Die Flaute in der Bauwirtschaft trifft die neuen Länder besonders hart, da dort der Bau mit 14 Prozent einen doppelt so hohen Anteil am Bruttosozialprodukt hat wie im Westen. Jagoda machte im Osten zudem noch „psychologische Nachwirkungen“ der Schneider- Pleite aus, die vor allem die Kreditinstitute vorsichtiger werden ließ. Er hofft nun darauf, daß die 1990 eingestiegenen Bausparer ihre zuteilungsreifen Verträge in Baumaßnahmen anlegen und so die Baukonjunktur ankurbeln.
Zur Krise der Bauwirtschaft kommen im Osten noch Personalreduzierungen im staatlichen Bereich sowie bei Bahn und Post hinzu. Außerdem schlugen sich in Ostdeutschland eine schwache Nachfrage von Konsumgütern und die geringere Entlastung durch die Arbeitsmarktpolitik in der Statistik nieder.

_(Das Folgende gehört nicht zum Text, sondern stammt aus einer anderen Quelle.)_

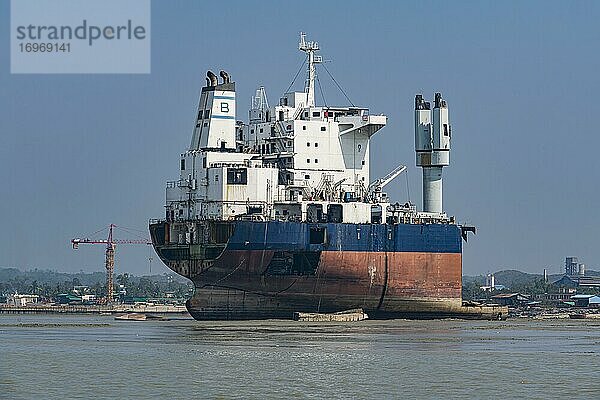 Riesiges Containerschiff bereit zum Abwracken  Chittagong Ship Breaking Yard  Chittagong  Bangladesch  Asien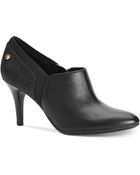 Calvin Klein Women'S Jeanine Shooties - Lyst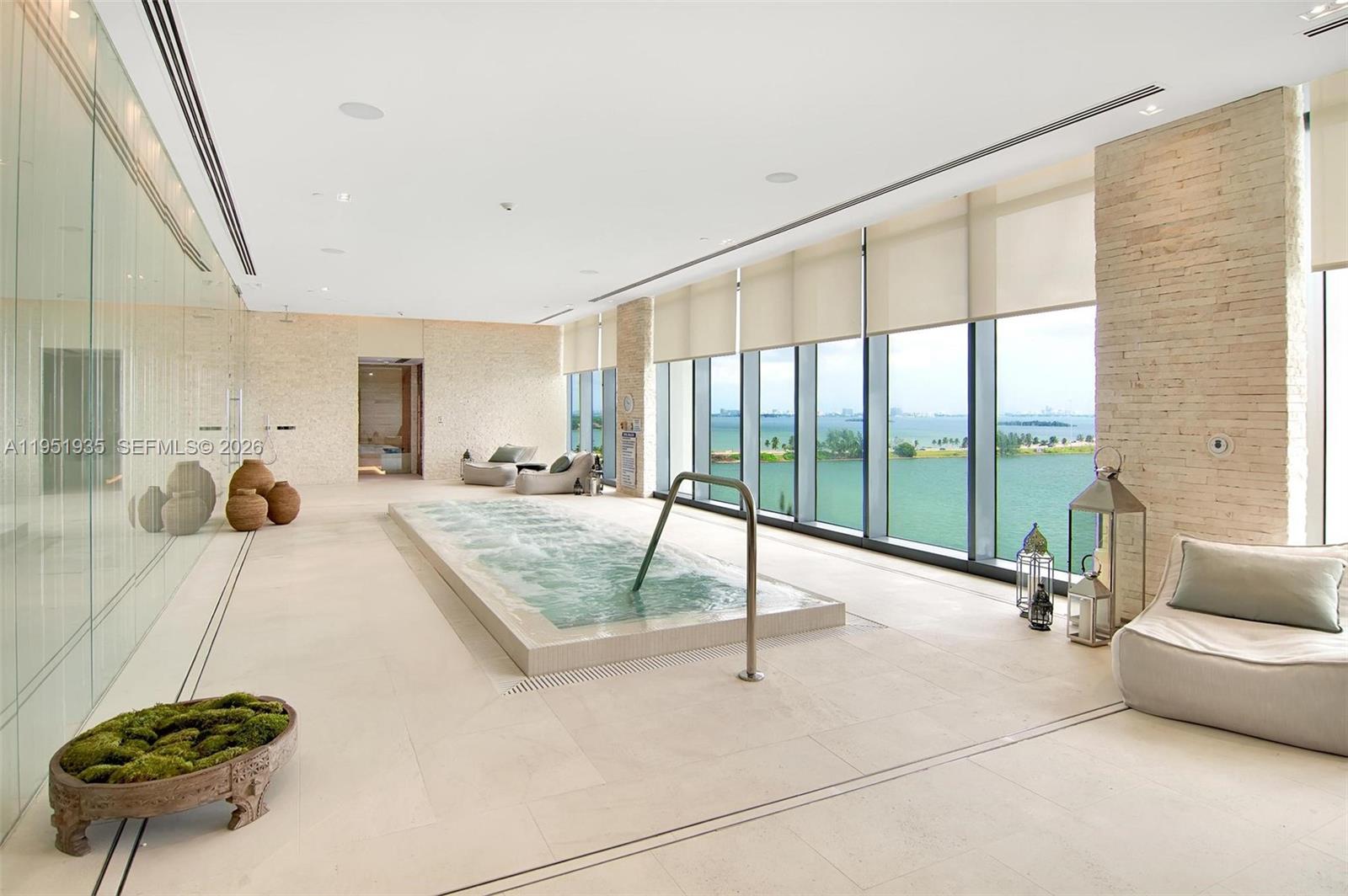 ONE PARAISO CONDO - Residential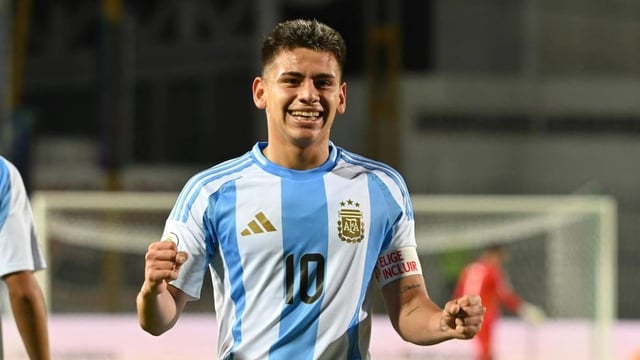 Fútbol. Claudio Echeverri debutó en el gran equipo alemán.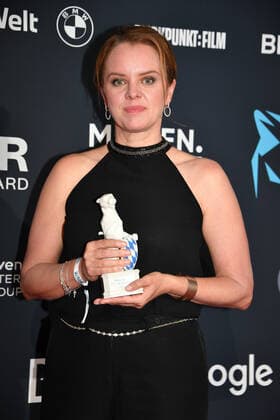Julia von Heinz Verleihung Blauer Panther - TV & Streaming Award 2022 Ehrung, Auszeichnung, Preis BMW Welt München 19. Oktober 2022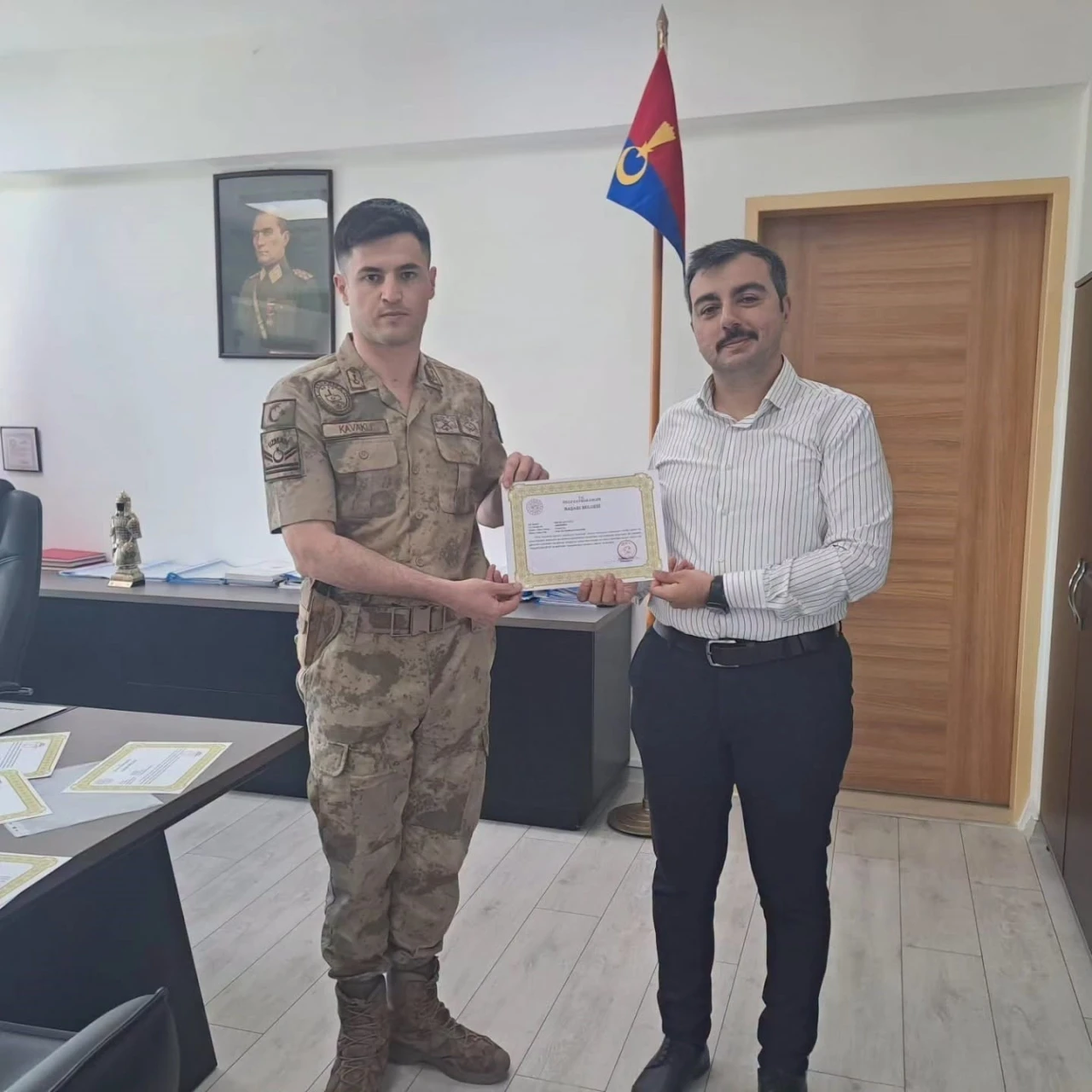 Dicle Kaymakamı Atış&rsquo;tan jandarma personeline başarı belgesi
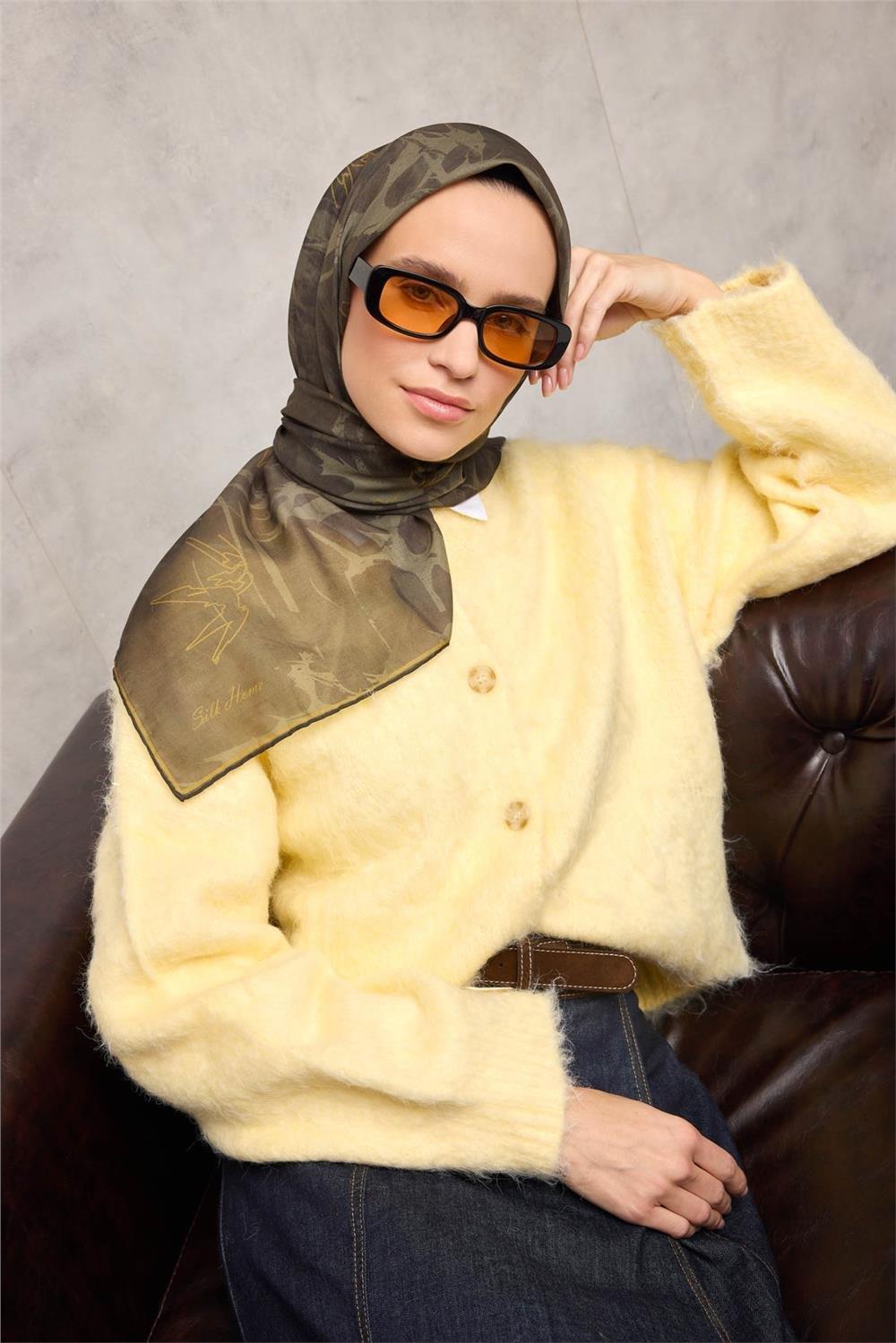 Pamuk Polyester Soft Eşarp Yaprak Desen Asker Yeşili 90x90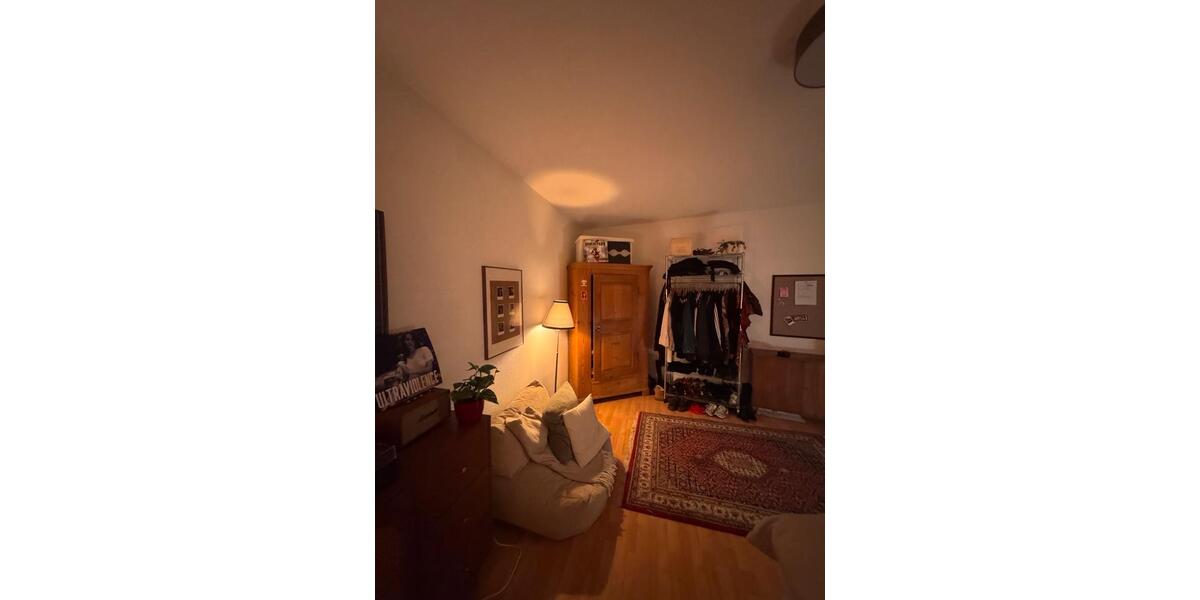 Etagenwohnung Homburg - 1 Zimmer, 107 m&sup2;, 890&euro; | Angebot:26638705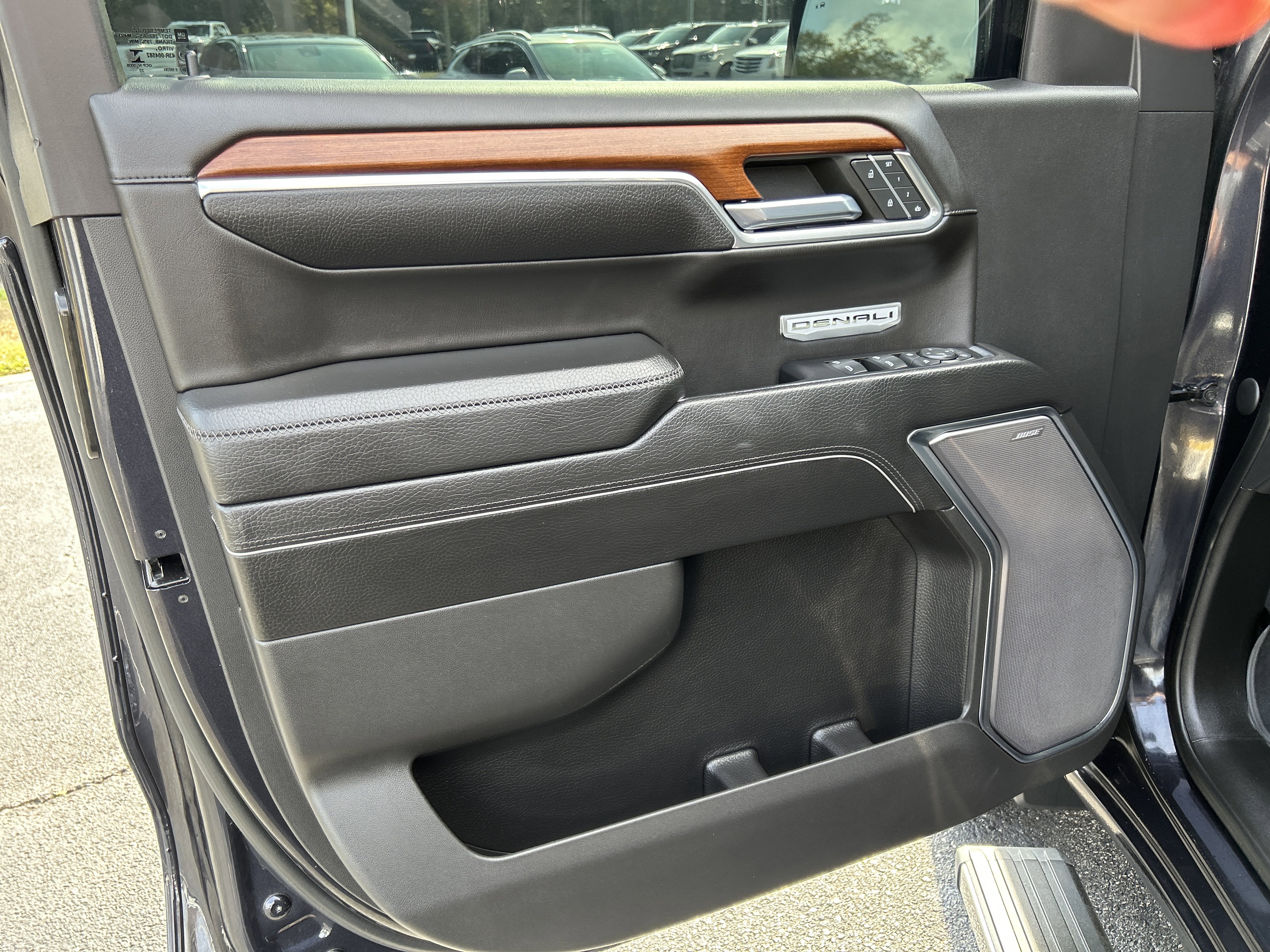 Used 2022 GMC Sierra 1500 Denali w/ Denali Reserve Package image 14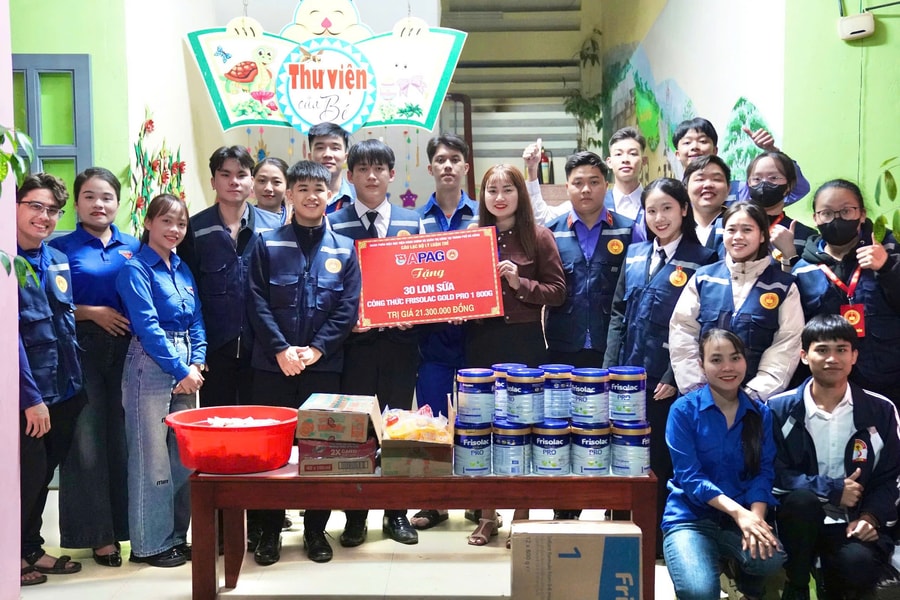 Hỗ trợ hơn 100 triệu đồng cho học sinh và người dân xã Trà Tân
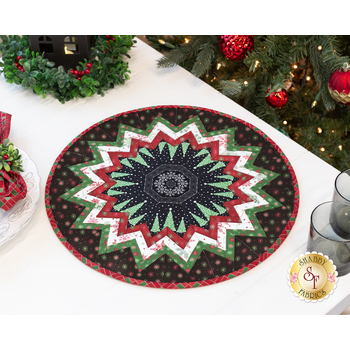  Point of View Kaleidoscope Folded Star Table Topper Kit - Christmas Night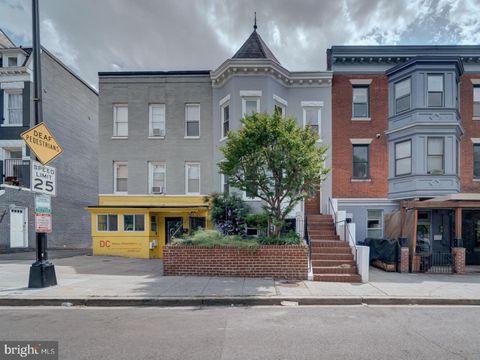 Photo of 82 T Street NW #3, WASHINGTON, DC 20001 (MLS # DCDC2217660)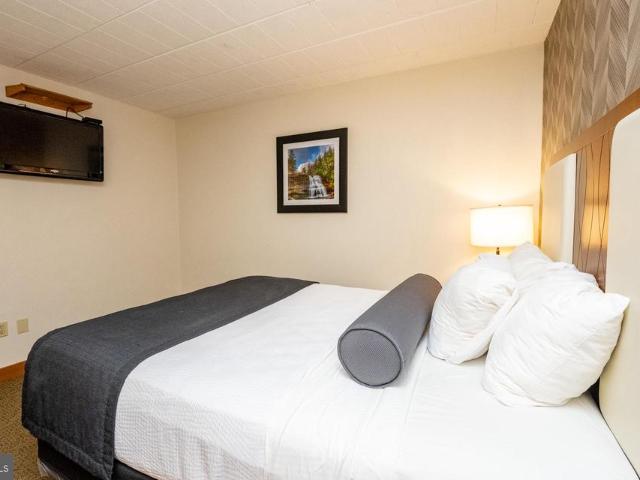 Condo for sale in Garrett, Maryland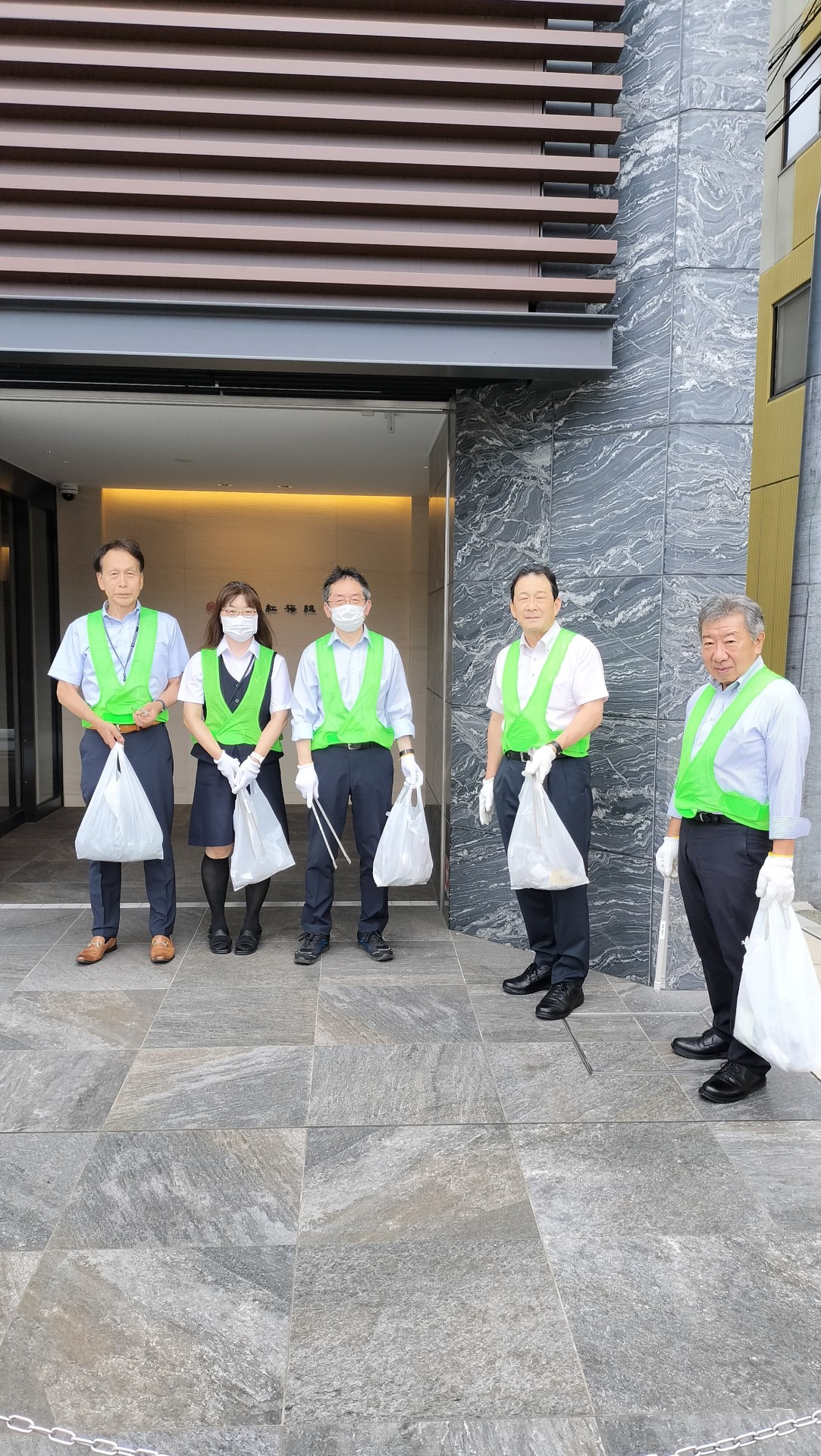 月例、会社周辺（西区戸部本町～花咲町）の清掃活動を行いました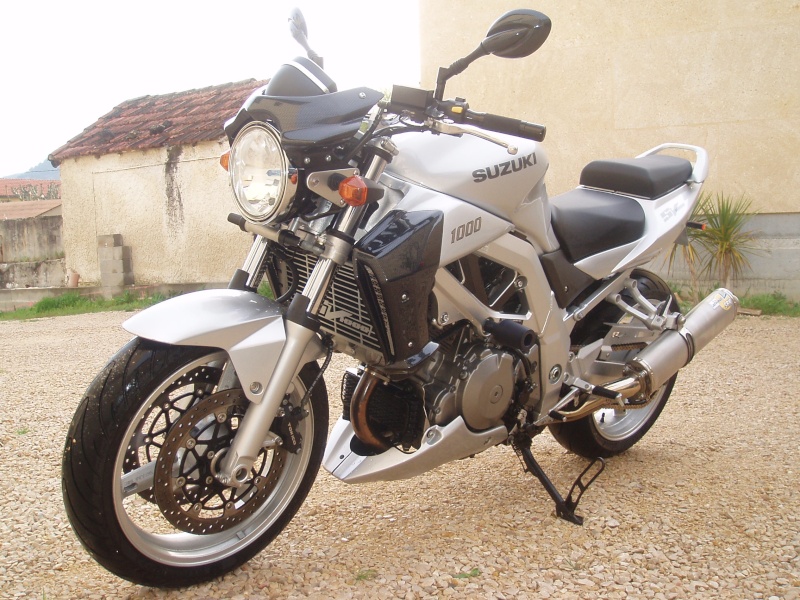 [VENDS] SUZUKI SV 1000 N Boxer édition 2004  P1010010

So nehmen in den neuen Ländern derzeit nur noch knapp 120.000 Personen das Angebot einer beruflichen Weiterbildung wahr. Das sind 93.200 weniger als im Vorjahr. Das gleiche Bild bei den Arbeitsbeschaffungsmaßnahmen: Die Zahl der ABM-Beschäftigten sank um 100.900 auf 77.500. Die neu eingeführten „Strukturanpassungsmaßnahmen“ konnten diesen Rückgang offenbar nicht kompensieren.